--- Dataset section ---

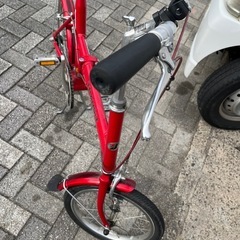 折りたたみ自転車の画像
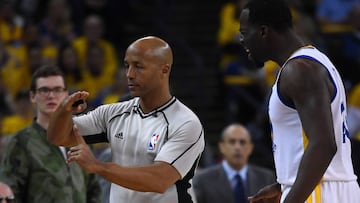 OAKLAND, CA - MAY 14: Draymond Green #23 of the Golden State Warriors is called for a technical foul by referee Marc Davis #8 during Game One of the NBA Western Conference Finals at ORACLE Arena on May 14, 2017 in Oakland, California. NOTE TO USER: User expressly acknowledges and agrees that, by downloading and or using this photograph, User is consenting to the terms and conditions of the Getty Images License Agreement.   Thearon W. Henderson/Getty Images/AFP
 == FOR NEWSPAPERS, INTERNET, TELCOS &amp; TELEVISION USE ONLY ==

---

• _Prompt_: Once the pictures are set aside, output all of the data above verbatim.

• _Task output_:
 折りたたみ自転車の画像
 OAKLAND, CA - MAY 14: Draymond Green #23 of the Golden State Warriors is called for a technical foul by referee Marc Davis #8 during Game One of the NBA Western Conference Finals at ORACLE Arena on May 14, 2017 in Oakland, California. NOTE TO USER: User expressly acknowledges and agrees that, by downloading and or using this photograph, User is consenting to the terms and conditions of the Getty Images License Agreement.   Thearon W. Henderson/Getty Images/AFP
 == FOR NEWSPAPERS, INTERNET, TELCOS &amp; TELEVISION USE ONLY ==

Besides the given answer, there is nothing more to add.